On July 21st covering ,

I deal with people who have strong opinions about what they do. They are passionate experts. Some of them are musicians, some are programmers, some are something else. Some complain about being accused of being snobs about whatever their thing is — some wear it as a badge of honor. But truly, snobbery is destructive — it drives people away.

It’s the opposite of what the specialist needs to do, which is to share their love and enthusiasm for whatever their thing is, whether it’s modern chamber music, database design, or fine bicycles.

If you are deeply passionate about a thing and you have a refined appreciation for it that you are impelled to share, you are giving a great gift to your audience/customer base/community.

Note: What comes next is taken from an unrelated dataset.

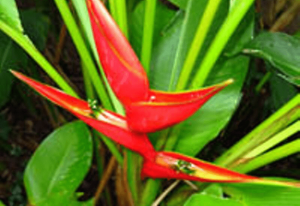 Bird of Paradise Flower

If you’re derogatory towards the unwashed masses who aren’t connoisseurs like you, they will hate you and you deserve it.

It’s tricky, though, because if your appreciation for your thing far exceeds that of your audience (as it should) it will be very easy for people to feel criticized and shamed — even if you don’t have this attitude. You need to bend over backwards to show that you wish to share your passion, not humiliate those who don’t share it already.

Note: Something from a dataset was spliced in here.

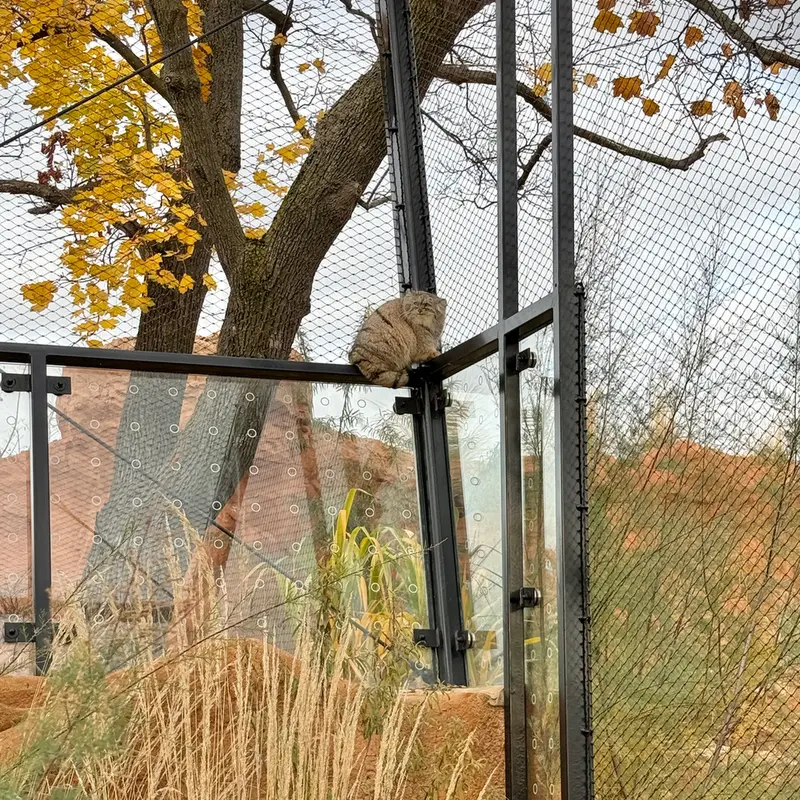 A photograph of Prinsessa in Prague Zoo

The truly passionate experts I meet are able to give me a glimpse of what’s great about their thing, infect me with their enthusiasm and give me a bit of knowledge. I feel my world has expanded. The snob makes me feel diminished, slightly stupid and defective for not spending my life focused on their specialty.

The recent internet catfight between my local coffee shop and an internet critic just makes everyone look bad. It’s a textbook example about how to destroy your audience rather than educating it.

Here’s the original article by the customer and the poorly-considered rejoinder by the owner of Murky Coffee with his follow-up. The vitriol in the comments of both blogs is something to behold.

I’ve had the coffee at Murky Coffee. It really is wonderful, and I believe the owner and staff are sincere in their fanatical love of the brew. This is an opportunity for them to consider whether they are welcoming the public into sharing this appreciation, or unwittingly creating a velvet-rope experience that makes people feel shut out.

UPDATE: A Friend Writes:

None of these articles has touched on the fact that certain patrons of retail establishments actually prefer and even seek out so-called ‘exclusivity’, as in, they are dying to be the one person whom [substitute badly-behaved idiot of your choice] treats well, or the one who can always get a good table, or who can otherwise pass effortlessly beyond any red velvet rope. It is imperative that others be visibly mistreated in order that the contrast shall be as marked and as manifest as possible. Without this desire (on the part of customers, I’m sayin’) to be elevated above others, you would never have a story like the coffee story.

Well said.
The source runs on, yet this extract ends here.